Mãe, uma palavra que carrega o peso de gerações, memórias e laços sagrados. É impossível falar de mãe sem evocar imagens de acolhimento e amor, sem reconhecer a importância de quem nos dá a vida e nos guia em nossos primeiros passos. Essa figura, à qual Freud, Winnicott, Bowlby, Piaget, Klein e tantos outros dedicaram seus estudos, é aquela que, através do seu exemplo, apresenta o mundo à criança: sua presença é o alicerce que protege, nutre e orienta. A mãe constrói, no olhar, no toque, no cuidado, o primeiro e mais profundo conceito de amor. A cada sorriso e abraço, ela planta no coração do filho as sementes da confiança e do valor próprio. No melhor dos mundos, ela deseja vê-lo feliz e respeitado, seguro de quem é e pronto para enfrentar o mundo.
Contudo, não podemos nos limitar a uma visão idealizada — comum, inclusive. Existe outro tipo de mãe, sobre o qual poucos falam e que Nietzsche tão profundamente analisou. Nem todas as mães desejam a felicidade e a independência do filho; algumas precisam dele infeliz, dependente, para dar sentido à própria existência. Essa é a mãe “bondosa” que Nietzsche descreve, mas não uma bondade pura e generosa. Sua bondade se nutre de sacrifício, de renúncia — uma renúncia que exige do filho a incapacidade, a imaturidade, a infelicidade, para que ela possa se sentir realizada, mesmo que de forma inconsciente. E, assim, o filho não é tanto um ser autônomo, mas uma extensão do próprio sentido de vida da mãe.
Essa mãe, que não sabe viver sem o papel de cuidadora, encontra sua realização quando o filho permanece em dificuldade, precisando de apoio, frágil e, até mesmo, infeliz. Em sua forma de ver o mundo, a bondade e o amor dessa mãe exigem que o filho precise constantemente ser salvo e guiado. Quanto mais ela sacrifica, mais reafirma seu valor; quanto mais o filho depende, mais ela encontra seu sentido. O filho torna-se, assim, uma extensão dela, uma muleta, onde, sem ele, essa mãe não consegue se reconhecer e nem se mover no mundo — a vida dela depende do sacrifício dele. E, caso esse filho decida se emancipar e ser feliz por conta própria, essa mãe entrará em um desespero profundo, tentará impedi-lo, diminuí-lo ou confundi-lo, para que ele não se distancie muito, não corte o cordão umbilical.

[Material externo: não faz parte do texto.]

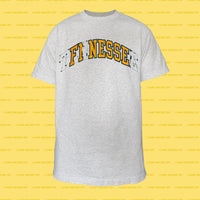 FINESSE Shirt (Ash Grey)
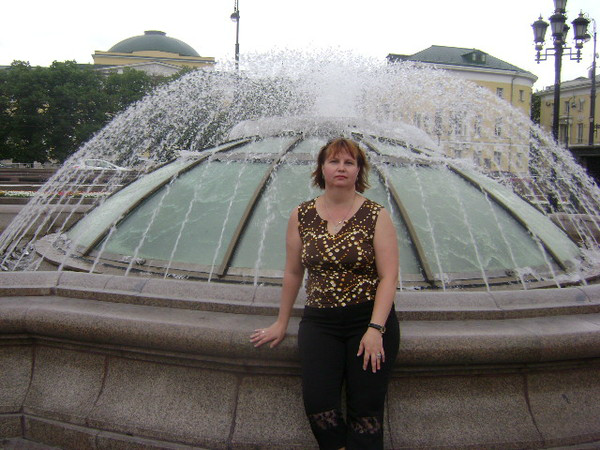 Светлана Кузнецова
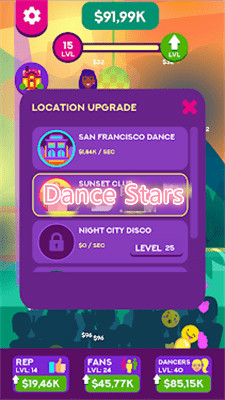 Dance Stars��׿��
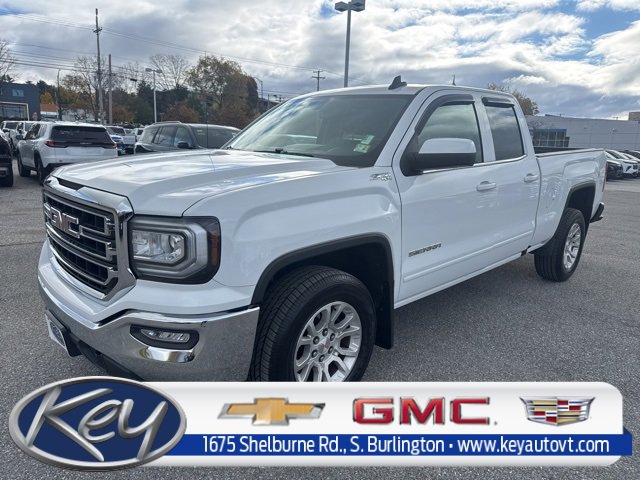 Used 2019 GMC Sierra 1500 SLE w/ SLE Value Package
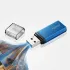Apacer AH25C USB 3.2 Gen 1 64GB Ocean Blue Pen Drive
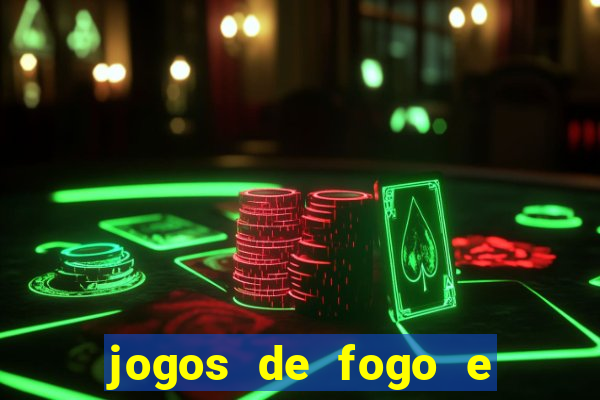 jogos de fogo e agua poki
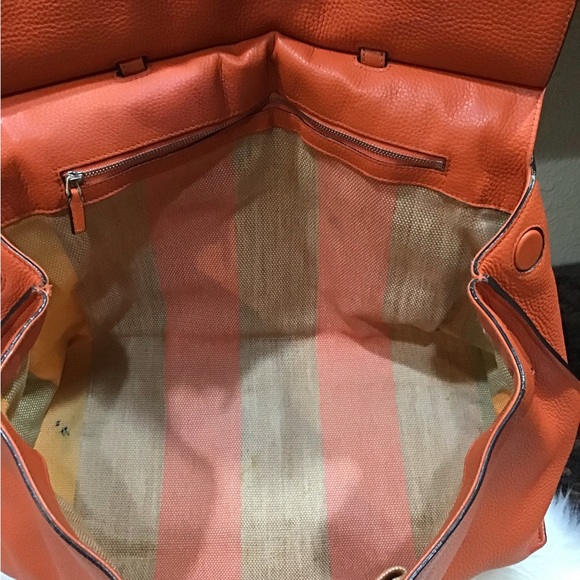 🟠🔴Gucci Bamboo Daily Top Handle Shoulder Bag🟠🔴 - Picture 12 of 16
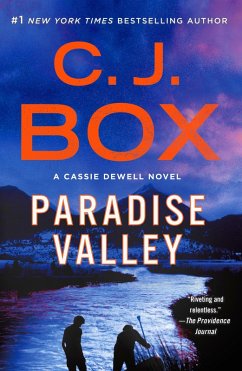 Paradise Valley (eBook, ePUB) - Box, C. J.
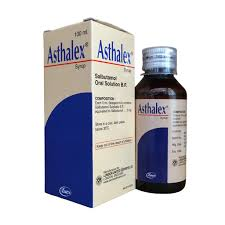 ASTHALEX SYRUP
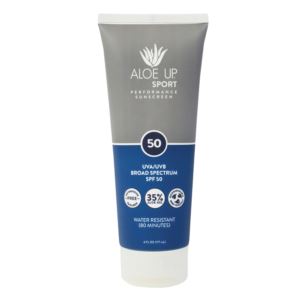 Aloe+Up+SPF50+Sport+Sunscreen+Lotion%2C+6oz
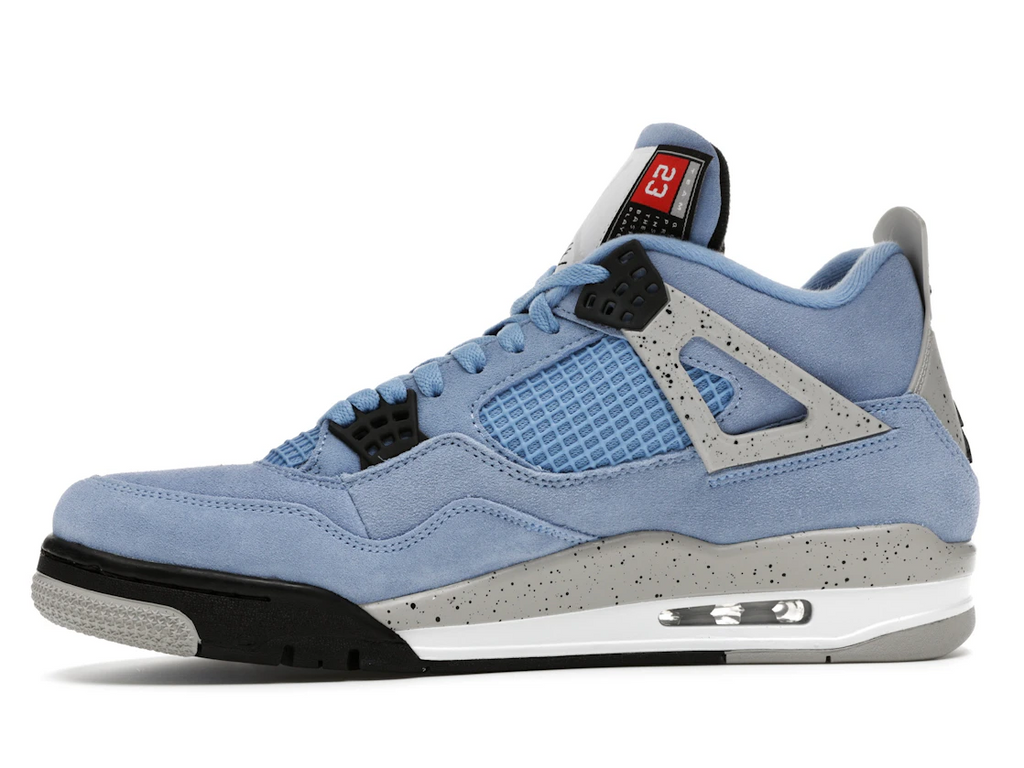 Air Jordan 4 University Blue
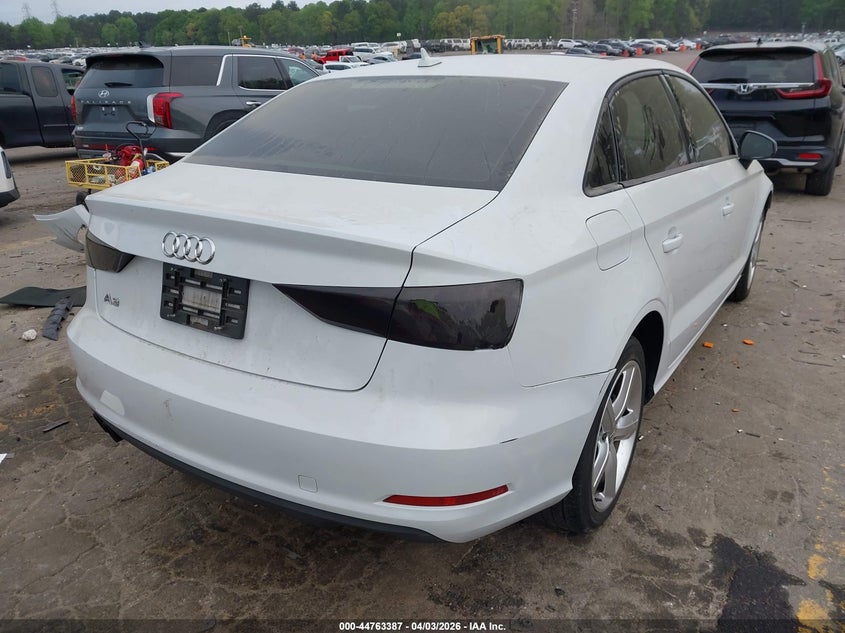 Vin: wauacgff7f1125383, lot: 45260591, audi a3 1.8t premium 20154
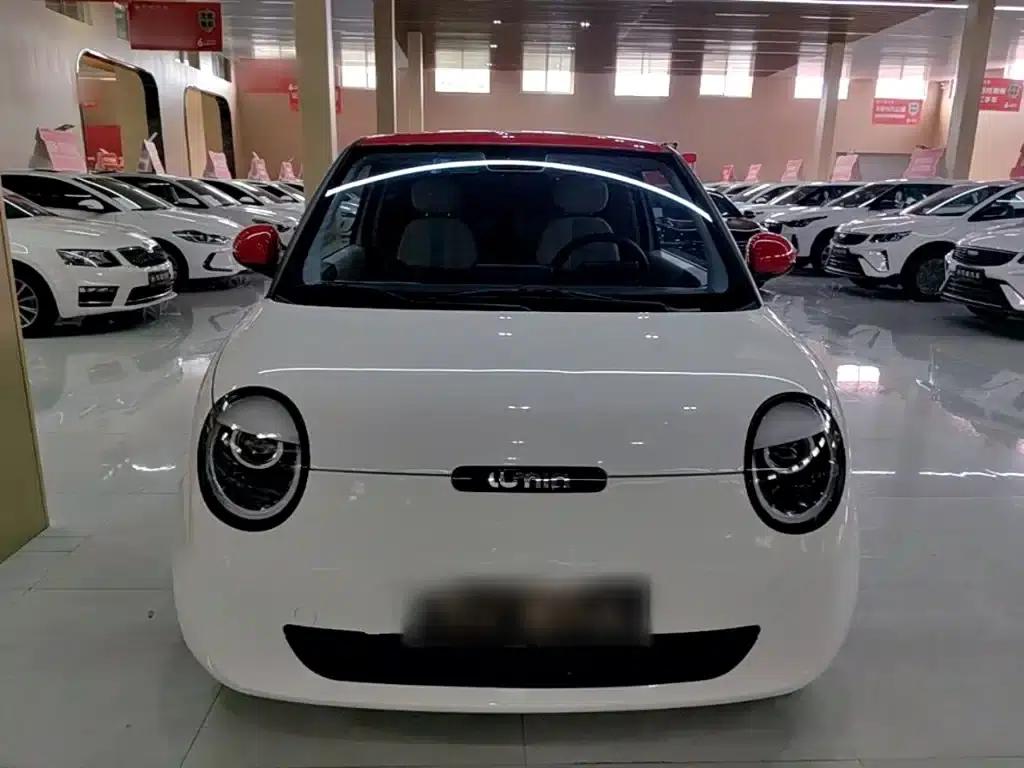 Changan Lumin 2025 Model, 205km/h, Fragrant Edition — миниатюра 3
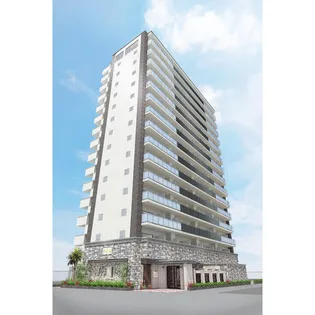 大阪府大阪市浪速区元町1【マンション】の外観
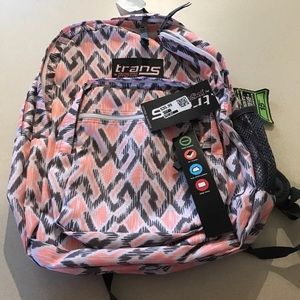 Jansport backpack -new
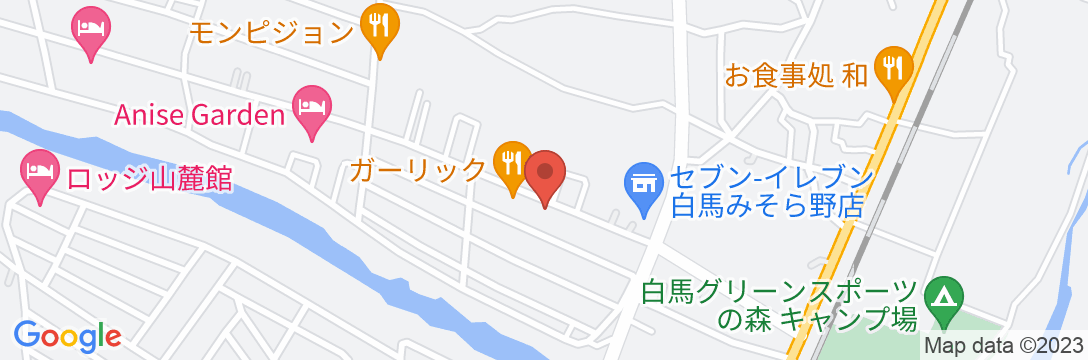 Home’s innの地図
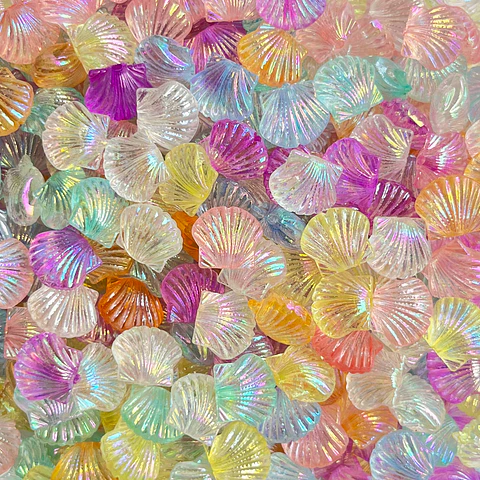SEPARADOR ✦ CONCHA PLÁSTICA (ELIGE TU COLOR FAVORITO)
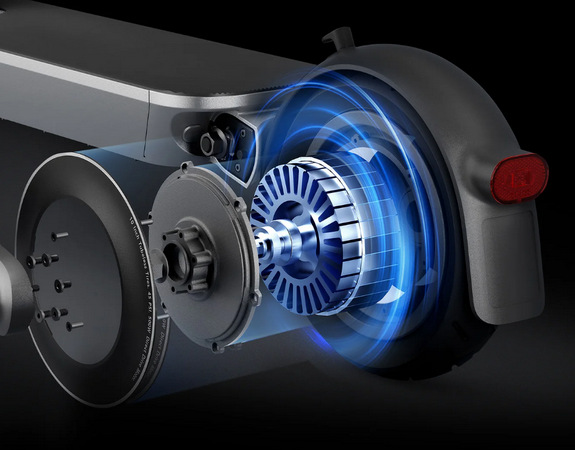 Elektrická kolobežka Xiaomi Scooter 4 Ultra EU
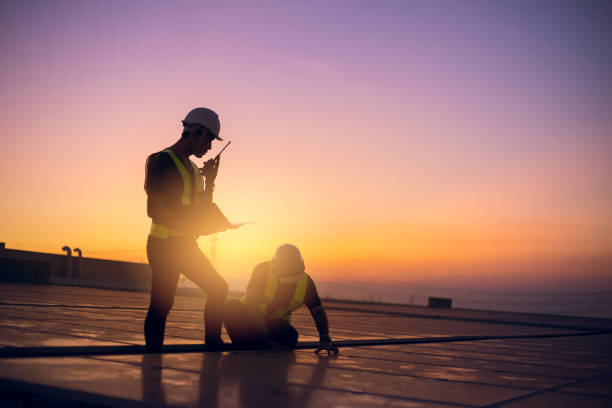 Slate Roofing Contractor in Crestview, FL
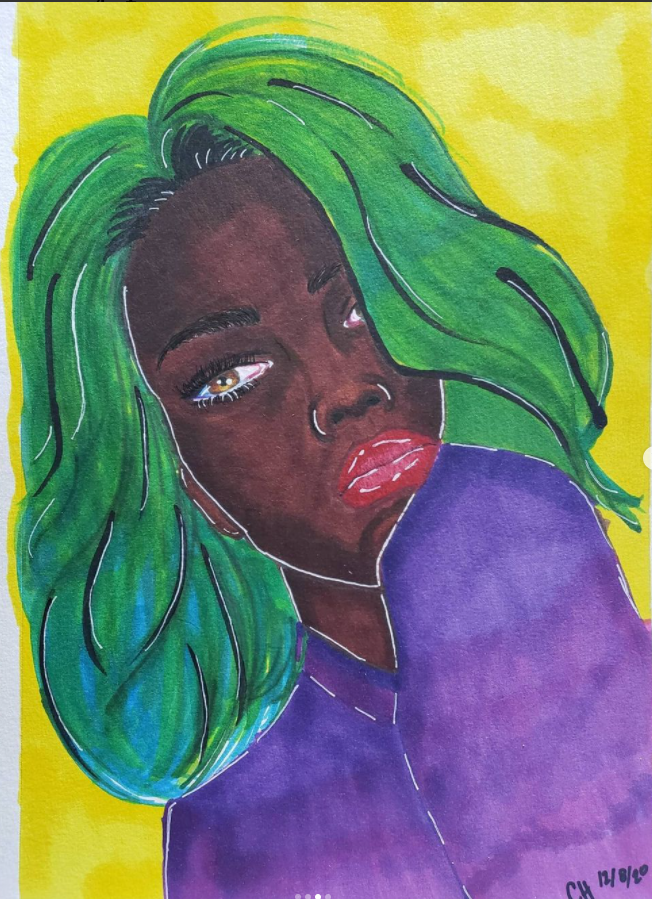 Portrait Art 3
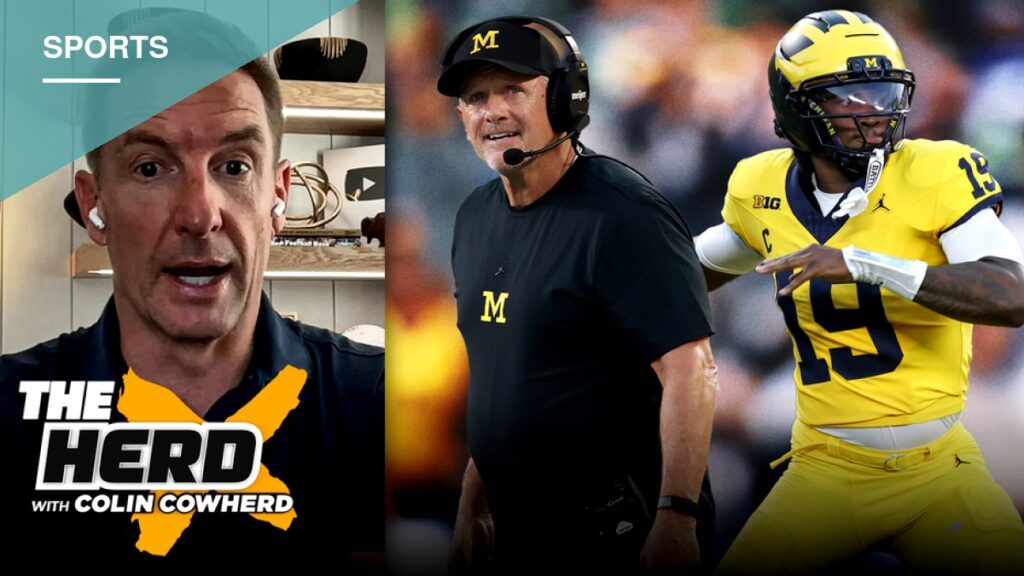 Whittingham Signals Bryce Underwood’s Starting Job Isn’t Guaranteed as No. 11 Oklahoma Visits Ann Arbor Whittingham Signals Bryce Underwood's Starting Job Isn't Guaranteed as No. 11 Oklahoma Visits Ann Arbor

Essa face trágica do “amor” materno é um misto de amor e egoísmo (mais egoísmo que amor, na verdade), de cuidado e posse. Ela nos alerta sobre a complexidade das relações humanas: aquilo que, na superfície, parece “bondade” pode, em profundidade, carregar motivações obscuras. Como Nietzsche nos mostra, é preciso coragem para enxergar essa realidade, para perceber que nem todo amor que nutre realmente liberta, que nem toda bondade está isenta de interesses.
Ainda assim, o amor verdadeiro também existe. Aquela mãe que, em sua essência, deseja ver o filho feliz e respeitado, que se alegra ao vê-lo caminhar com as próprias pernas, é a mãe que nos lembra que o amor verdadeiro busca a autonomia do outro, mesmo que isso signifique renunciar ao próprio papel de salvadora. Em seu olhar, a liberdade do filho é sua maior conquista.
Assim, reconheçamos a força e a beleza das mães — mas também a complexidade do amor humano, onde tragédia e amor se misturam, desafiando-nos a buscar um amor que, em vez de prender, ensina a voar.